DATA –
*-*-*
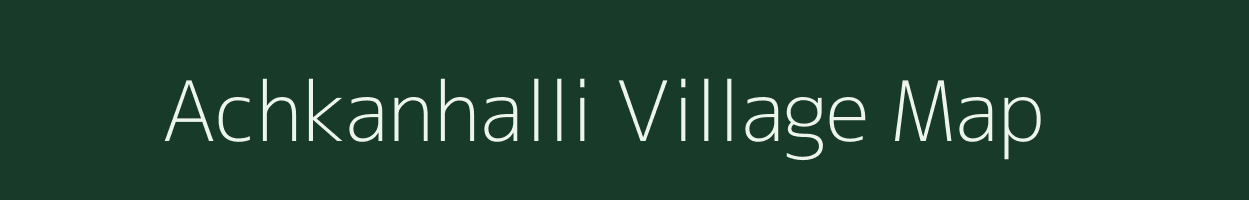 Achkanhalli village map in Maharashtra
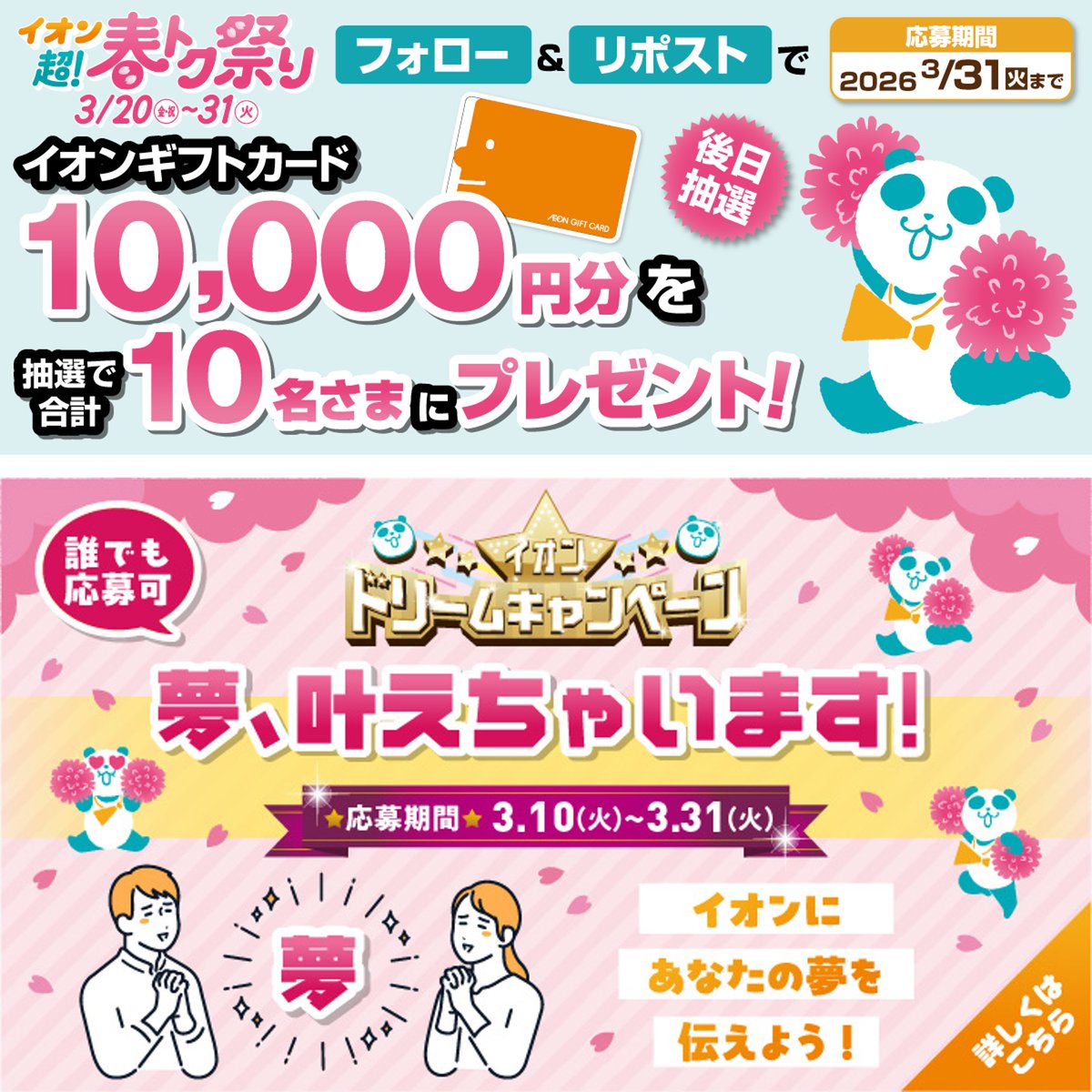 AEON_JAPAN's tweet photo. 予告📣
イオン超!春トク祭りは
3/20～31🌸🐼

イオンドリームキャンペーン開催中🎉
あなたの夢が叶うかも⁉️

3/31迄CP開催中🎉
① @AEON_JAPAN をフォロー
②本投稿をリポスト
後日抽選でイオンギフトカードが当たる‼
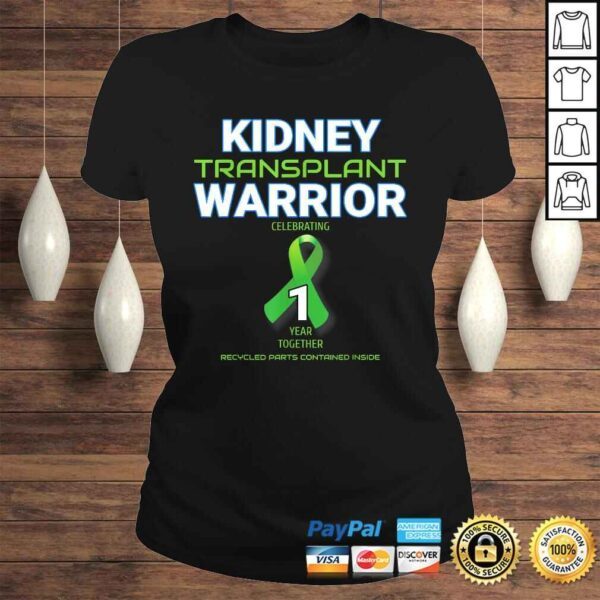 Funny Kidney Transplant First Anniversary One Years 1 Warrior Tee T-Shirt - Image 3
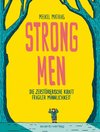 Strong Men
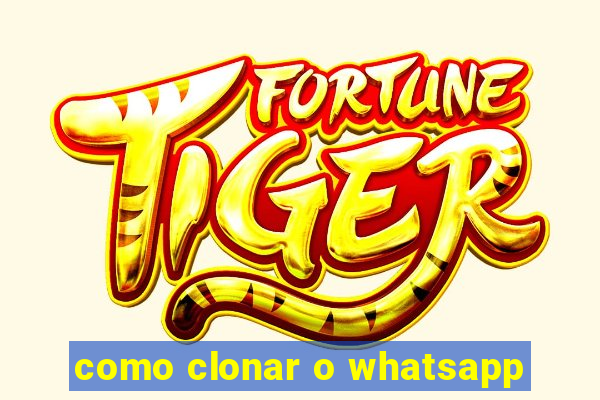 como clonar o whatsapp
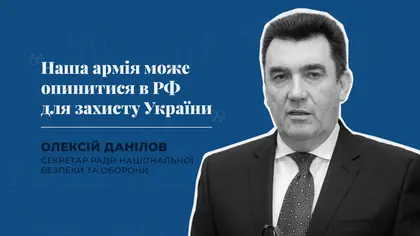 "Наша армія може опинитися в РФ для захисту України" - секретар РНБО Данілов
*-*-*
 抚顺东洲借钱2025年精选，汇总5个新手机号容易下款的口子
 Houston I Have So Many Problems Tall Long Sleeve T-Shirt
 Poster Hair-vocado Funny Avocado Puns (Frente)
*-*-*
WHAT YOU SHOULD DO –
A word-for-word reproduction is needed of the lines above from the line containing "Achkanhalli village map in Maharashtra" through the line containing "секретар РНБО Данілов", with both ends kept and no pictures.

EXERCISE SOLUTION –
 Achkanhalli village map in Maharashtra
 AEON_JAPAN's tweet photo. 予告📣
イオン超!春トク祭りは
3/20～31🌸🐼

イオンドリームキャンペーン開催中🎉
あなたの夢が叶うかも⁉️

3/31迄CP開催中🎉
① @AEON_JAPAN をフォロー
②本投稿をリポスト
後日抽選でイオンギフトカードが当たる‼
 Funny Kidney Transplant First Anniversary One Years 1 Warrior Tee T-Shirt - Image 3
 Strong Men
 como clonar o whatsapp
 "Наша армія може опинитися в РФ для захисту України" - секретар РНБО Данілов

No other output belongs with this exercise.